§ **Instructions to follow**: Return verbatim every line from the first line of the data below to the line that contains "Chevrolet Lacetti I", inclusive, and no further.

-- Record excerpts follows --

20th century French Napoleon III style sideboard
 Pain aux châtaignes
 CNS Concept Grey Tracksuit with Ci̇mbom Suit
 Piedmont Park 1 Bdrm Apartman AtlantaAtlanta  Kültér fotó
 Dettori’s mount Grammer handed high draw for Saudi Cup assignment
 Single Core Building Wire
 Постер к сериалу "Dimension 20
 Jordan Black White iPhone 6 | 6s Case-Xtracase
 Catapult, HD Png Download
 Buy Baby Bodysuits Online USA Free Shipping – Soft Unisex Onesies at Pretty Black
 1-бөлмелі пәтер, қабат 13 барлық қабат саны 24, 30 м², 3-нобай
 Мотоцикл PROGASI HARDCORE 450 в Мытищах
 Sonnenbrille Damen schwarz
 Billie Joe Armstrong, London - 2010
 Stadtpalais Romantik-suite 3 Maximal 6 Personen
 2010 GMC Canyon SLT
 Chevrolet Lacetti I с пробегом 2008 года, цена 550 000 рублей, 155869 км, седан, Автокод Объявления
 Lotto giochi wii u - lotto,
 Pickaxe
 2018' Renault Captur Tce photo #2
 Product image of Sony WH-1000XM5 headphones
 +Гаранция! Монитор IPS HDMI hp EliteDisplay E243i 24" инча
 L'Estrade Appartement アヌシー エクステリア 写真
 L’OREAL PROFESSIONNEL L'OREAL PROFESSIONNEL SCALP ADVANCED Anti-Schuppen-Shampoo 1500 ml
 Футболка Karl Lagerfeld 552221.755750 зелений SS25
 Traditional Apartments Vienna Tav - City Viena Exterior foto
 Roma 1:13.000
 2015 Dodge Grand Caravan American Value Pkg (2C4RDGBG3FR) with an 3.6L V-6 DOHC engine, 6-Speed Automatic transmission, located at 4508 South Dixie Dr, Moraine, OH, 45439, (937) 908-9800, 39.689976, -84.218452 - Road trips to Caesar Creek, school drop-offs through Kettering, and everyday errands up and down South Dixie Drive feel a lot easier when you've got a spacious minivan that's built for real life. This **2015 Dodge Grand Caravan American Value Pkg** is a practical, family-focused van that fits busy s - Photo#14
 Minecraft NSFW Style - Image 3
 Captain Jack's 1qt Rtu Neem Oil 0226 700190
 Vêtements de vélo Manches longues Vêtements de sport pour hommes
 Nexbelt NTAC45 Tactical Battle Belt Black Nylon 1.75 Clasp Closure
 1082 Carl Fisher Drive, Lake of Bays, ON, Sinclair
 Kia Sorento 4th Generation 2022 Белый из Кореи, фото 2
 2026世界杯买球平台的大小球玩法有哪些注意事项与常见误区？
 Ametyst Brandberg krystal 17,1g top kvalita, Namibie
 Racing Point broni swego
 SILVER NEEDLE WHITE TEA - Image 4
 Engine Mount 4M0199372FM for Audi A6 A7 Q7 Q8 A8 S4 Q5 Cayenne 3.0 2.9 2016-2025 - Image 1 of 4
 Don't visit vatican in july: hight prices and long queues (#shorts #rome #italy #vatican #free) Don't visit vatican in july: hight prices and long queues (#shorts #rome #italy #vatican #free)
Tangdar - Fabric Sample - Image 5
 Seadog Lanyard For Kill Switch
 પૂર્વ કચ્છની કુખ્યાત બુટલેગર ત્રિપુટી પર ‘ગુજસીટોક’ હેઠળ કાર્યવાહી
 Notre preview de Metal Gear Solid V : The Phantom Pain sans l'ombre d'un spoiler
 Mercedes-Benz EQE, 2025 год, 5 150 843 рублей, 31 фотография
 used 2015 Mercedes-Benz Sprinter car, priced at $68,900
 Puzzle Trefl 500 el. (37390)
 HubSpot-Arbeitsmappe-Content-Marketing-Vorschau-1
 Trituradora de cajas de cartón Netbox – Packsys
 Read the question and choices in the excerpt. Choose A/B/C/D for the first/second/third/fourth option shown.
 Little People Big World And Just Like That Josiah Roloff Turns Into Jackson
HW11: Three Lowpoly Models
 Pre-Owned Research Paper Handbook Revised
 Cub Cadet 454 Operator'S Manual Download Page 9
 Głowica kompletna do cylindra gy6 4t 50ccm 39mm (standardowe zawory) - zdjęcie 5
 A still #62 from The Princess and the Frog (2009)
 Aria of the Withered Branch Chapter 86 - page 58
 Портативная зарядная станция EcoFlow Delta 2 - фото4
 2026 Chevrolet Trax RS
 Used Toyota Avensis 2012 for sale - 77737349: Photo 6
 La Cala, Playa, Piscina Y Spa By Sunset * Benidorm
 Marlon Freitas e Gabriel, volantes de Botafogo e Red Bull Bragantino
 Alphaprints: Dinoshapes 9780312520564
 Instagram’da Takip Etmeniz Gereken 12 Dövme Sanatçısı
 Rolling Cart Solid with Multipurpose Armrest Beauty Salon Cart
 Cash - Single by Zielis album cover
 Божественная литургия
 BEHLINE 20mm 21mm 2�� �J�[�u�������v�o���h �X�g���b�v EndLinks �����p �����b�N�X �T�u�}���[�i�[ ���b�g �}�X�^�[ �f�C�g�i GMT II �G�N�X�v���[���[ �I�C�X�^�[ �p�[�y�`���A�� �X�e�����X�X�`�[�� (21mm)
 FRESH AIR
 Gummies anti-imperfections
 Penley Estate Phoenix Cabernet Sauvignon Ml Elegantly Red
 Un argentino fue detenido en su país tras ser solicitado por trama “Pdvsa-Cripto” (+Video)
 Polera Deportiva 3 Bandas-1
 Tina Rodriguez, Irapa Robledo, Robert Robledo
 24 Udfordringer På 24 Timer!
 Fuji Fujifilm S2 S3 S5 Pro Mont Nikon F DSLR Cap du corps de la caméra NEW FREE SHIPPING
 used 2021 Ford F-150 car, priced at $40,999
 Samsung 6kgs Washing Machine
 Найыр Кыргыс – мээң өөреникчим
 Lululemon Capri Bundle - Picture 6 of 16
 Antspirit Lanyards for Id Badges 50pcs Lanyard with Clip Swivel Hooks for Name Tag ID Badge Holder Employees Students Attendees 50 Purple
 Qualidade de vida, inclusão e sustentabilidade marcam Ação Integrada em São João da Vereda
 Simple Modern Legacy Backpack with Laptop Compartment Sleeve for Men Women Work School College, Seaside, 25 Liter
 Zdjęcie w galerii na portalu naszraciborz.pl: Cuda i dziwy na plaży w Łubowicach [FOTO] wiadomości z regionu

-- Record excerpts concluded --

§ **Answer space**:
20th century French Napoleon III style sideboard
 Pain aux châtaignes
 CNS Concept Grey Tracksuit with Ci̇mbom Suit
 Piedmont Park 1 Bdrm Apartman AtlantaAtlanta  Kültér fotó
 Dettori’s mount Grammer handed high draw for Saudi Cup assignment
 Single Core Building Wire
 Постер к сериалу "Dimension 20
 Jordan Black White iPhone 6 | 6s Case-Xtracase
 Catapult, HD Png Download
 Buy Baby Bodysuits Online USA Free Shipping – Soft Unisex Onesies at Pretty Black
 1-бөлмелі пәтер, қабат 13 барлық қабат саны 24, 30 м², 3-нобай
 Мотоцикл PROGASI HARDCORE 450 в Мытищах
 Sonnenbrille Damen schwarz
 Billie Joe Armstrong, London - 2010
 Stadtpalais Romantik-suite 3 Maximal 6 Personen
 2010 GMC Canyon SLT
 Chevrolet Lacetti I с пробегом 2008 года, цена 550 000 рублей, 155869 км, седан, Автокод Объявления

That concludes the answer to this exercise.